Could America really default on its sovereign debt? It is saying something about the current uncertain state of the US economy that the three major rating agencies are hinting about downgrading the "triple-AAA" status of the world's largest and most productive economy.

Of course, no-one actually expects the US government not to pay its debts. In reality, the rating boys are signalling to the warring factions in Congress to get their act together and do something about the deficit. And to President Barack Obama who heads the only administration in the Western world still pursuing an expansionary fiscal policy.

It has not been a good week for investors anxious that US politicians agree a plan to sort the American economy. On Monday, Nobel Prize-winning economist Peter Diamond withdrew his nomination for the Federal Reserve board, complaining that Republican ultras had blocked his confirmation.

It is a sign of the insularity and lack of direction in US politics at the present moment that the Republicans are willing to politicise the Fed just as the global economy shows signs of increasing instability - witness the failure of Opec this week to agree a production increase, or the eurozone sleepwalking towards an inevitable Greek default.

Underlying all this is a permanent uncertainty regarding what is happening deep down in the engine room of the US economy. Unemployment climbed to 9.1 per cent in May, confounding predictions of economic recovery. And the reliable S&P/Case-Shiller index showed house prices fell 4.2 per cent in the first quarter, the biggest drop since the start of 2009. This suggests the US is ambling towards a double-dip recession when the Fed's latest $600 billion (370bn) round of quantitative easing (QE2) ends this month.

On the other hand, there has been some positive data this week. The US trade deficit narrowed in April and a second straight month of record exports helped Wall Street end a six-day losing streak. On Monday, Apple announced its new cloud computing product, showing America is still leading the world technologically.

The fault in the economic engine room is this. US hi-tech manufacturing and exports are booming but the spurt in productivity and sales is not feeding through to job creation. At the same time, stagnant wages, high fuel costs (for Americans) and soaring food bills are holding back consumer spending. As a result, the US economy slowed substantially in the first quarter, dropping from a growth rate of 3.1 per cent to just 1.8 per cent.

This sounds very much like the UK situation.

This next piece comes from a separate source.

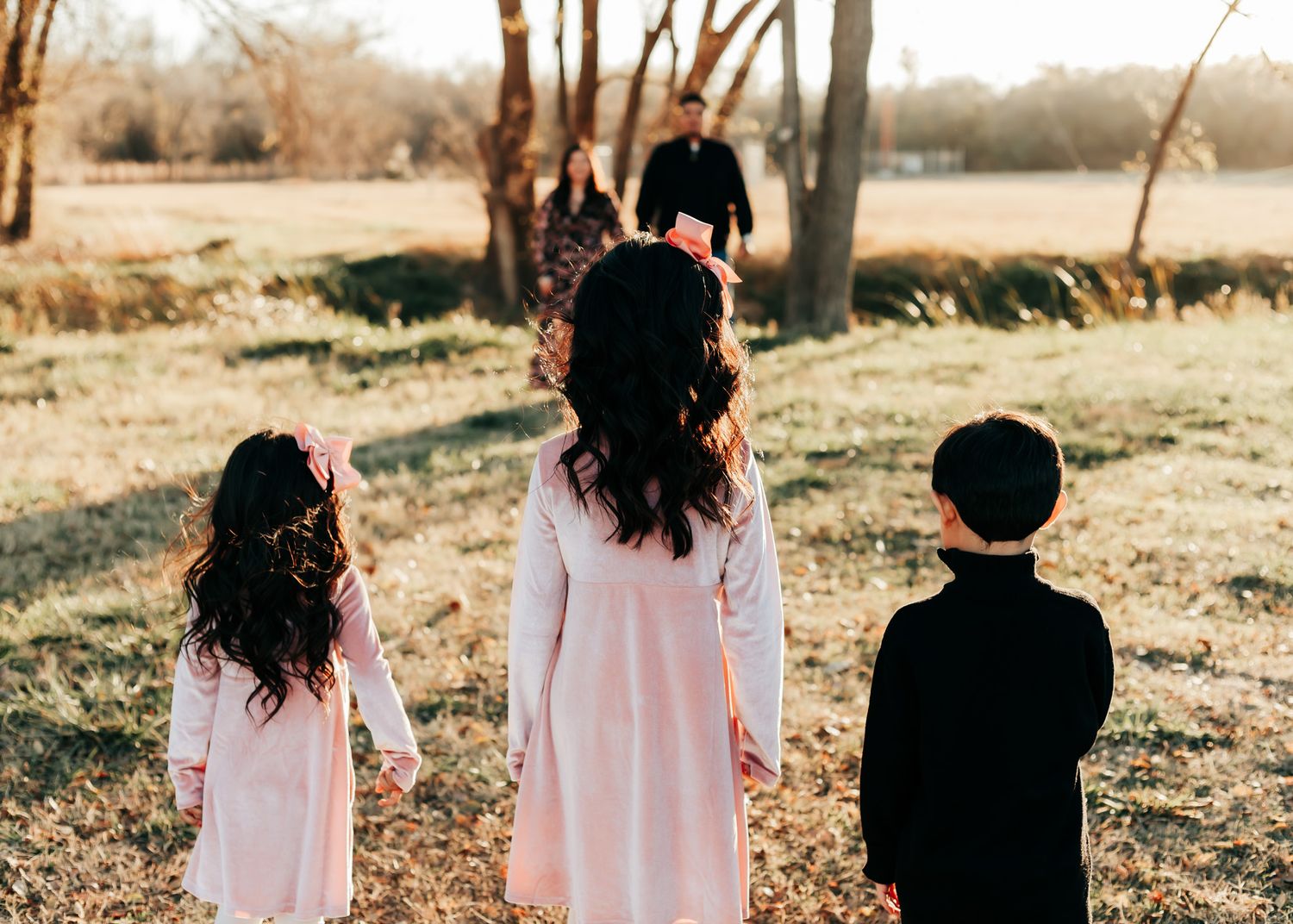 Back view of three children standing together in matching outfits during a sunset photo session.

The difference is that the coalition government in Britain is pursuing an austerity policy and curbing fiscal expansion (though by less than popular perception imagines).In America, on the other hand, this year's budget deficit is projected to reach $1.5 trillion. The previous record, in 2009, was $1.4tr.

There is pressure on the White House and Congress to agree a long-term plan to trim the deficit. But Democrats and Republicans are at loggerheads on how to do this. The left wants tax increases while the right wants spending cuts. Currently there is a deadlock - hence the intervention by the rating agencies. The policy gridlock has a lot to do with the proximity of next year's presidential election. Don't expect a fiscal consolidation till after November 2011.

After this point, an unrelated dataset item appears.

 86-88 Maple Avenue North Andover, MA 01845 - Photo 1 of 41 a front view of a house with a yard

The only institution with room for manoeuvre in the next few months is the Federal Reserve. The Fed differs from the Bank of England in having a dual mandate to maximise employment as well as maintain price stability. It was this need to boost growth that led the Fed to implement its second round of quantitative easing last November. Might it go for QE3?

The US stock market dropped substantially in 2010 following the end of the Fed's first quantitative easing. Coupled with the recent economic wobble, this has led some commentators to predict QE3. Others are not so sure given the return of inflation.

Which way will the Fed jump? The dovish head of the Boston Federal Reserve, Eric Rosengren, thinks that if fiscal policy is tightened by Congress then monetary policy should be eased. Congressional Republicans are opposed. The decider will be what happens to US unemployment.

But insular America is forgetting one thing - the amount of US funds invested in eurobonds. America might not default but Greece will. The repercussions will not stop on this side of the Atlantic.